A Philadelphia city councilman’s widely criticized bill was recently withdrawn by none other than it’s creator. The move marks a decisive victory for the cities music scene–the bill’s targets. It would be wise, however, to not only learn from this experience, but remain prepared for its resurgence.
Philadelphia council member Mark Squilla shocked colleagues upon proposing what some viewed as an attack on musical freedom. Squilla’s bill, in addition to upping venue prices, would’ve forced owners to compile the names, addresses, and phone numbers of performers. From there, the bill mandates that venue’s transfer the information to police, who’d reshape it into an all access, personal database. Squilla used the inconveniences of loud concerts with trash and partiers as justification for his proposal. From band members, to DJs, to rappers, no one would be exempted from the mandated police
Problematic crowds, under Squilla’s proposal, could actually get artists placed on a ban list, barring them from the city. Festivals, concerts, and individual performers alike were fair game for Squilla’s musical blacklist. “Crime, traffic, litter, noise”, the criteria for exile read more like the complaints of a notoriously feisty old man than lawful mandates. “Giving performers’ information to police when requested”, Squilla argued, “enables them to review past performances to see if there were any public safety issues during their events.”
Public backlash was nearly instantaneous, the majority of such voices from the music scene. A crowd of them, mostly industry rep’s, The Key reports, confronted democrat Mark Squilla at an open meeting. “We don’t want to discourage artist expression”, Squilla plead, “that’s the last thing we want. By no means am I anti-artist or anti-venue.” After explaining his aim to close a loophole in venue licenses, Squilla claimed “there’s no way the city was going to create a registry.”
Isn’t this last comment, however, a tad disingenuous? There’s a difference between Squilla proposing it in a bill, and the rest of the city approving it. It’s similarly disingenuous to use the word “request” to describe officers pulling information from a database on their own, without warrants, without court approval. Additionally, what Mark is advocating for will most certainly “discourage artist expression.” By singling out artists for the conduct of the people who come to their shows, the bill punishes them for things they can’t control. People who don’t even listen to that particular artist, but just want to have a good time, may go to a music festival. Simply having that in the proposal shows a complete lack of understanding on Squilla’s part of the sub-culture he’s attempting to target. Squilla, after withdrawing his bill, will reexamine his proposal, specifically its language and semantics.
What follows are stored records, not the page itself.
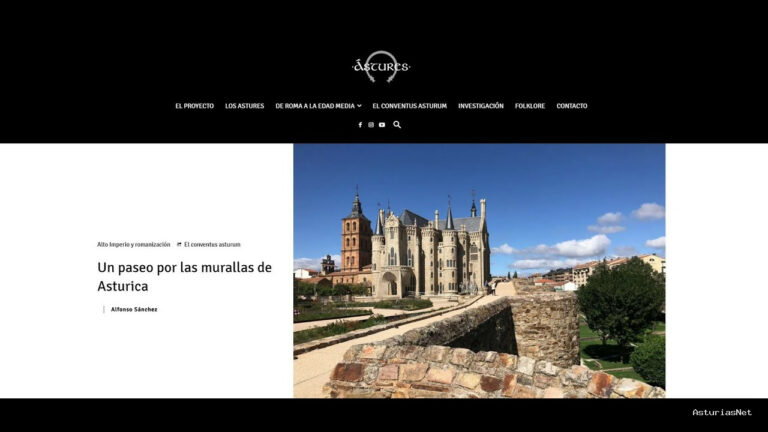Astures | September 8, 2025 | Un paseo por las murallas de Asturica Augusta (Astorga)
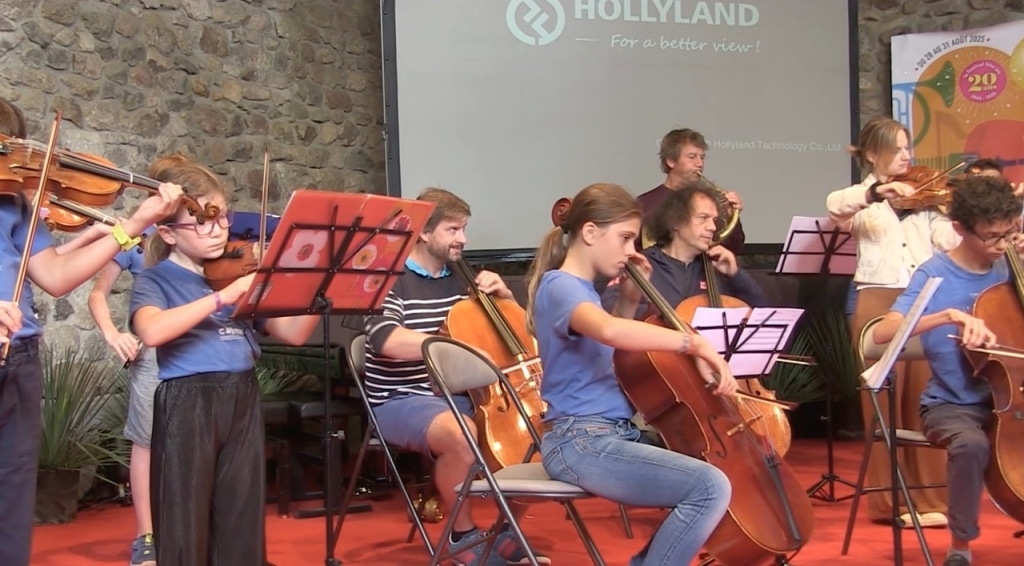 Saint-Victor-sur-Loire : quand des enfants sourds font vibrer la musique avec Les Colibris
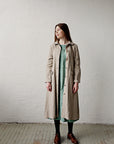 Natural Classic Linen Coat
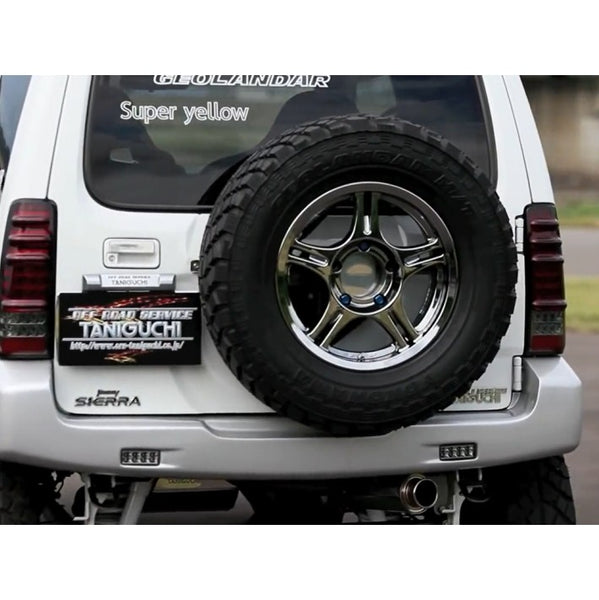 TANIGUCHI Spare Tire Right-Upward Relocation Bracket Jimny (1998-2018)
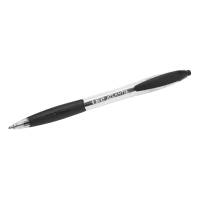 BIC Atlantis kuglepen med klik medium 1mm sort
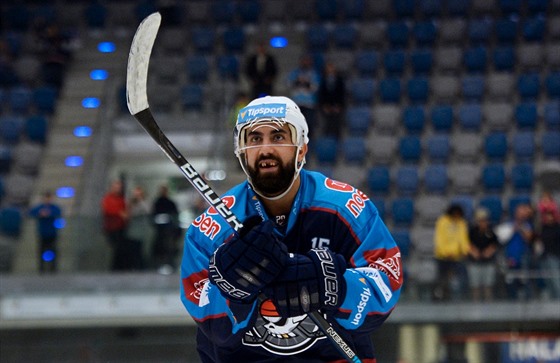 Chomutovský hokejista Roman Chlouba
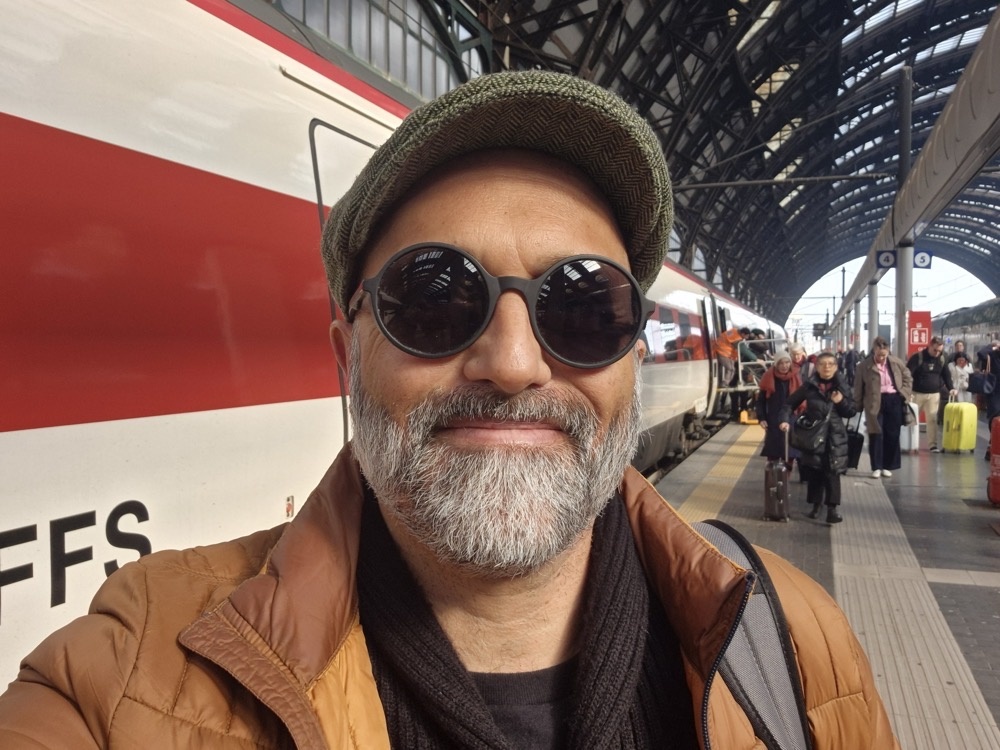 Arriving in Milano Arriving in Milano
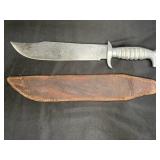 Vintage Mexican OAXACA Regoin Bowie Knife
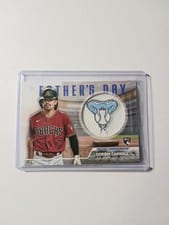 2023 Topps Father's Day Team Patch Corbin Carroll #FD-CCA card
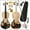 Wood, variant on Professional 4/4 Full Size Violin with Premium Sound,Artistic Violin Set with Durable and Lightweight Design,Ergonomic Handmade Violin with Padded Shoulder Rest,Ideal Gift for Musicians,Beginners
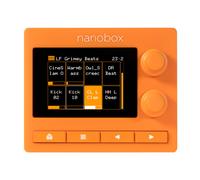 1010music Nanobox Tangerine Streaming Sampler
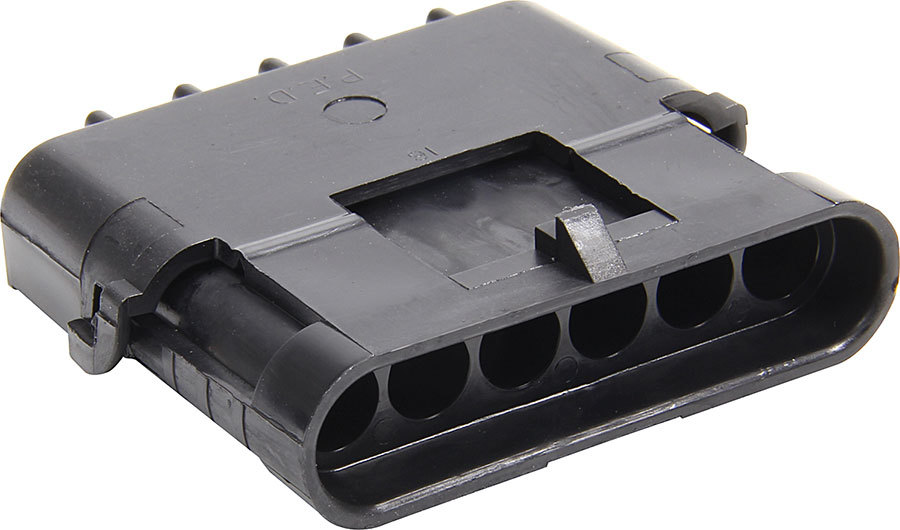 6 Pin Weather Pack Shroud Housing ALL76299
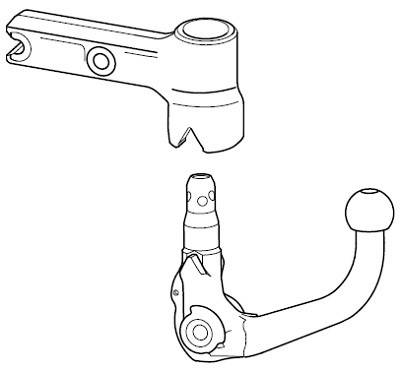 Dragkrok, Avtagbar Westfalia A40v 323062600001 WESTFALIA Dragkrok, Avtagbar Westfalia A40v 323062600001 WESTFALIA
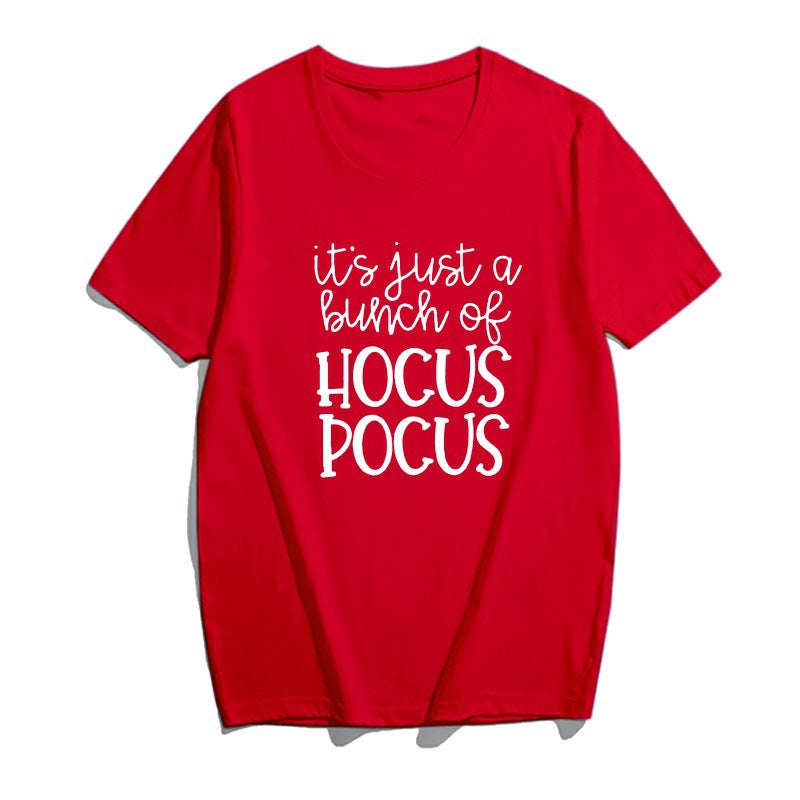 It's just a bunch of hocus pocus! Loose Fitting  Tee Shirt, Funny Quotes Shirts - KellyModa Store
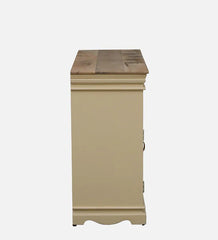 Solid Wood Sideboard In Tulip Finish W 127 x D 43 x H 86 in Cms Solid Wood Sideboard In Tulip Finish W 127 x D 43 x H 86 in Cms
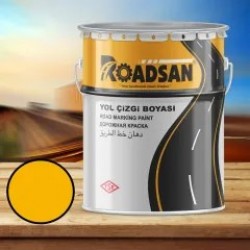 Vopsea Marcaj Rutier, 25kg, GALBEN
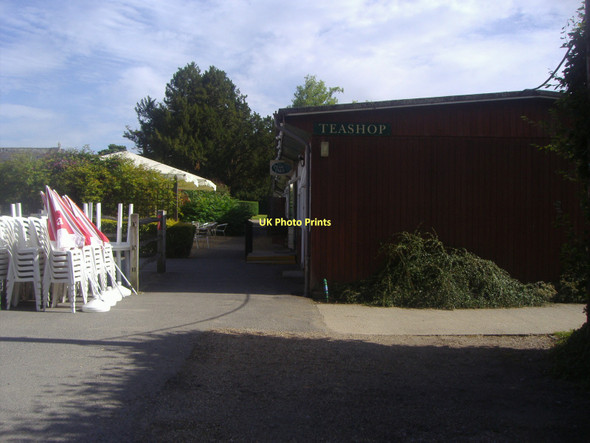 Photo 6"x4" The teashop at Waterperry Waterperry\/SP6206 c2011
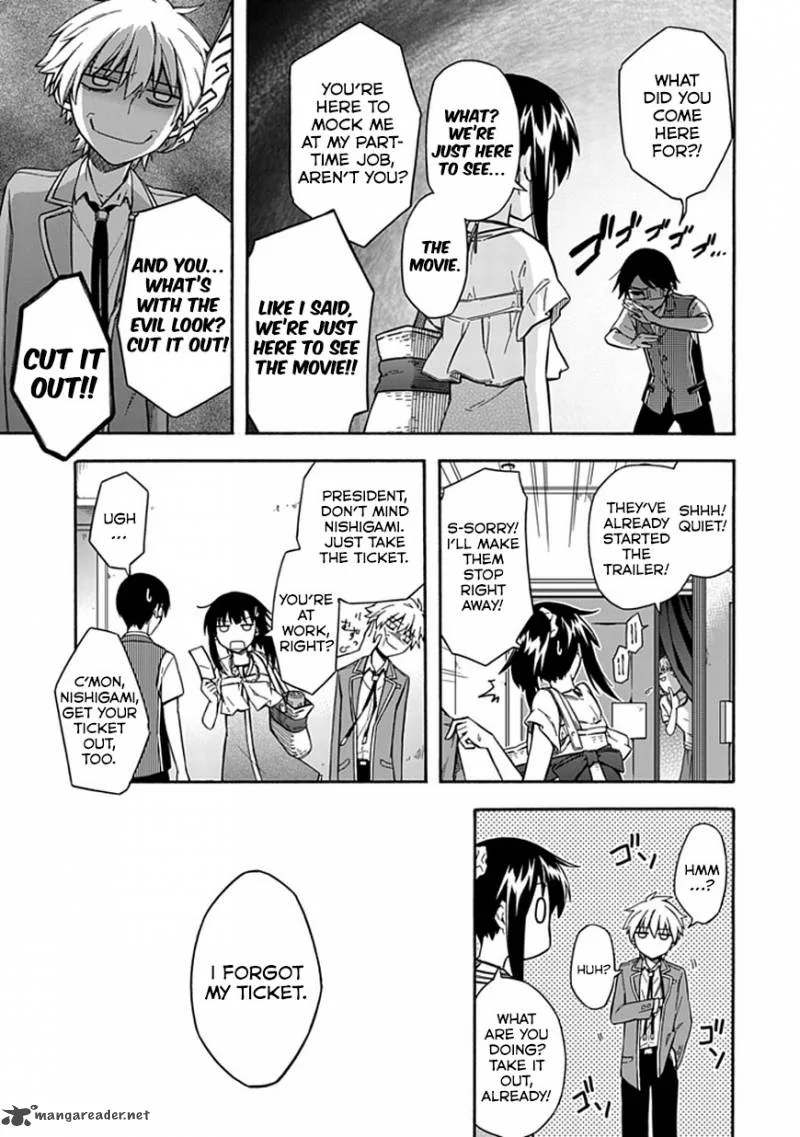 Shindere Shoujo to Kodoku na Shinigami Chapter 18 page 9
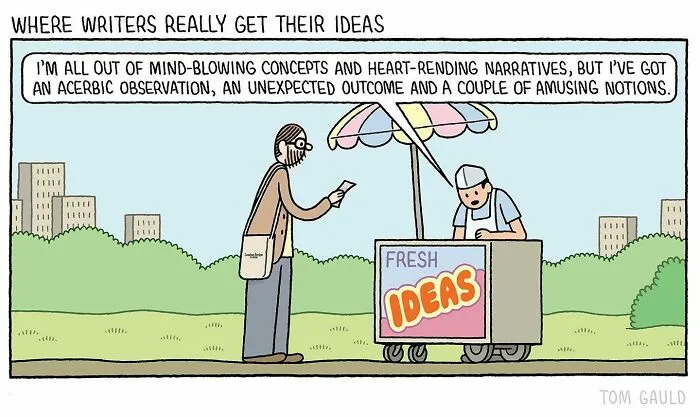 40 Chucklesome Comics By Tom Gauld That Might Take Some Brain Power To Fully Understand (New Pics)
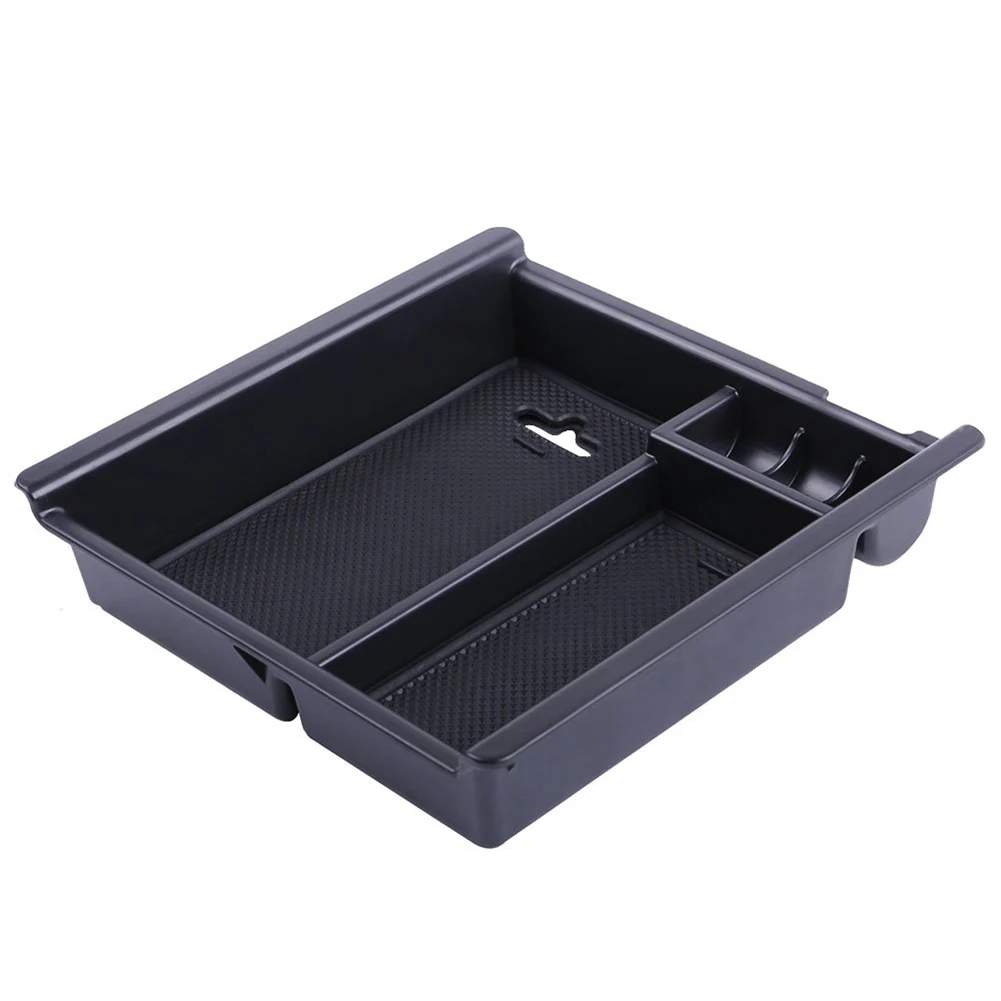 Car Armrest Box Central Console Storage Box Insert Tray Armrest Box Auxiliary Storage Storage Box Auto Supplies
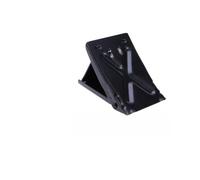 SOPOTUTU 2 Pièces Patins Triangle pour Pneus Noir Bloc Antidérapant pour Voiture et Camion Butée de Stationnement et Antidérapante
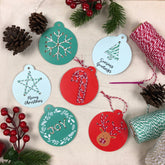 Embroidered Ornament Craft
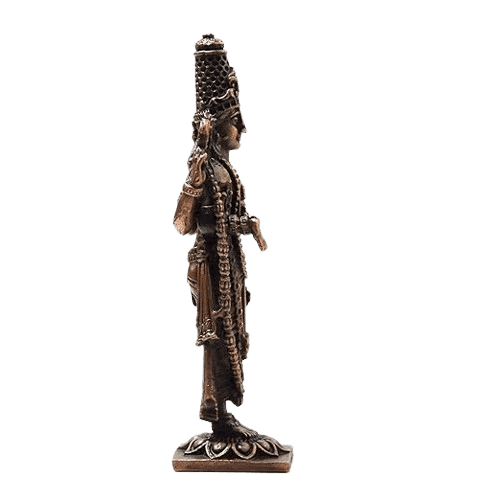 Tirupati Balaji Statue Balaji Idol Decorative Showpiece 3.25 inches - JAI HO INDIA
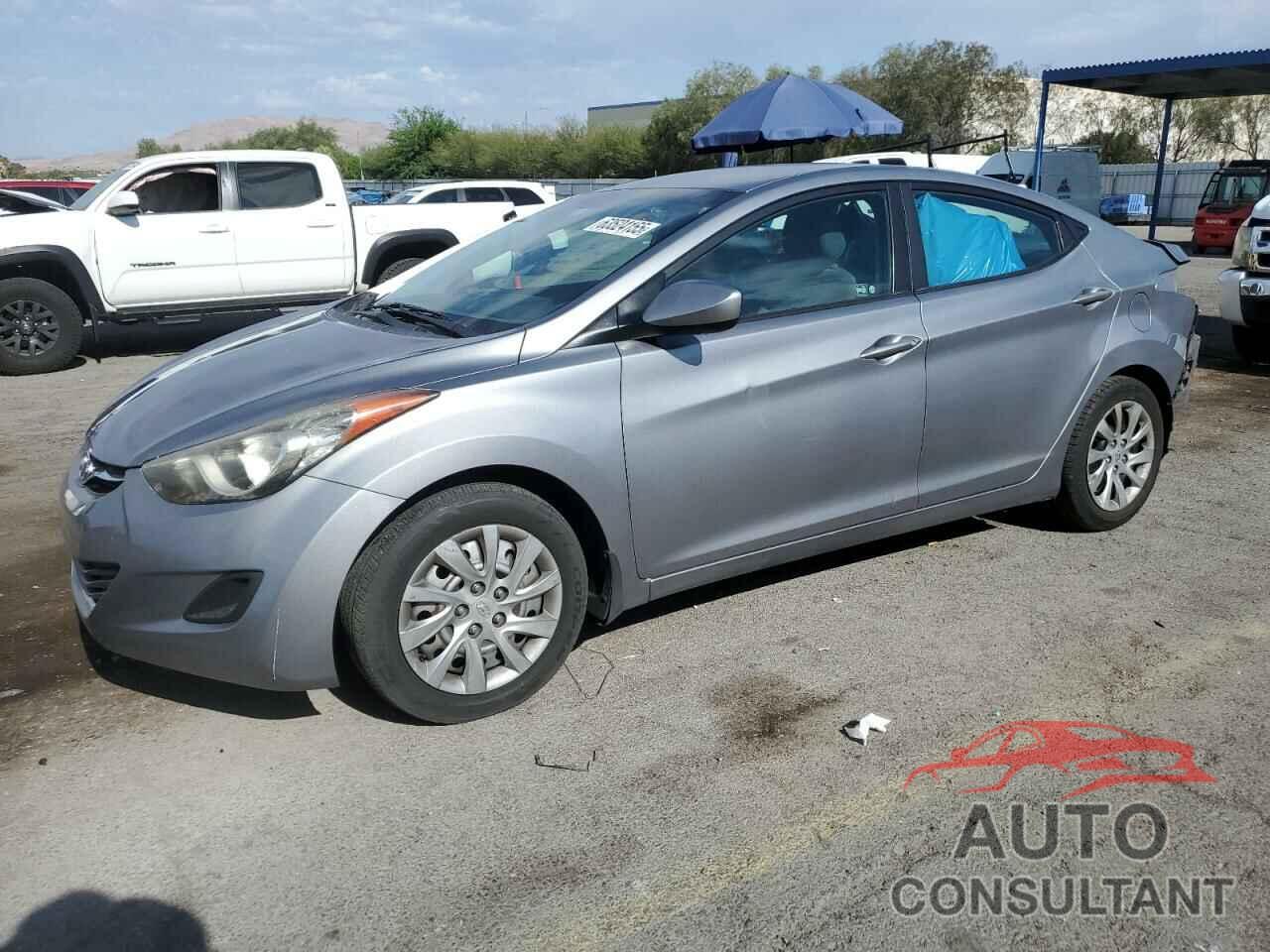 HYUNDAI ELANTRA 2012 - KMHDH4AE9CU447494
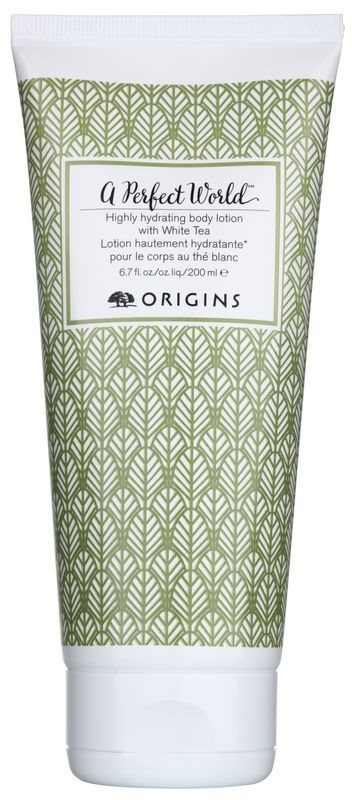 Origins A Perfect World™ loção corporal intensamente hidratante com chá branco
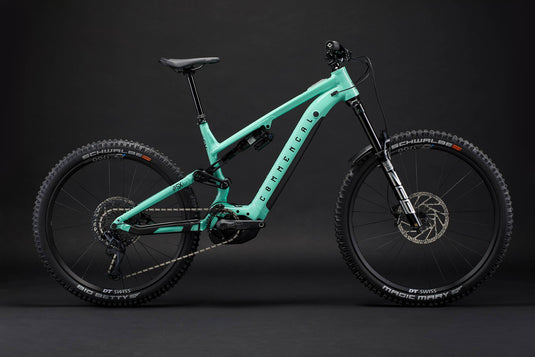 Commencal META POWER SX Bosch Race Emerald Green Enduro E-Bike
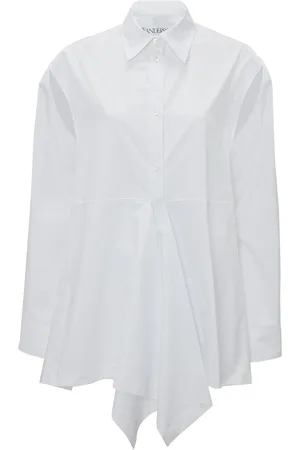 J.W.Anderson Camisa De Popelina De Algodón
It’s a remarkable victory not only for Philadelphia’s music scene, but for music crowds nationwide. Numerous festivals more resemble pilgrimages for counter-culture than the predictable, mundane gatherings of music fans. They’re times of centralized catharsis, creation, and alternative interaction. Oftentimes particularly large festivals serve vital roles in local economies regardless of any unfamiliar, or undesired, cultural conduct they attract.
Even without a “ban list”, increasing police pressure, or even presence, may prove undesirable to audiences. Police already have roles in monitoring activity at concerts, these other measures are unnecessary. The bill violates several fundamental ideologies regarding freedom of expression, and only served to expand Philadelphia’s police state. It’s withdrawal is encouraging, but not finial, and a revised version may be on the horizon. Those who pushed back so valiantly against Squilla’s proposition would do well to heed this possibility, and not become complacent.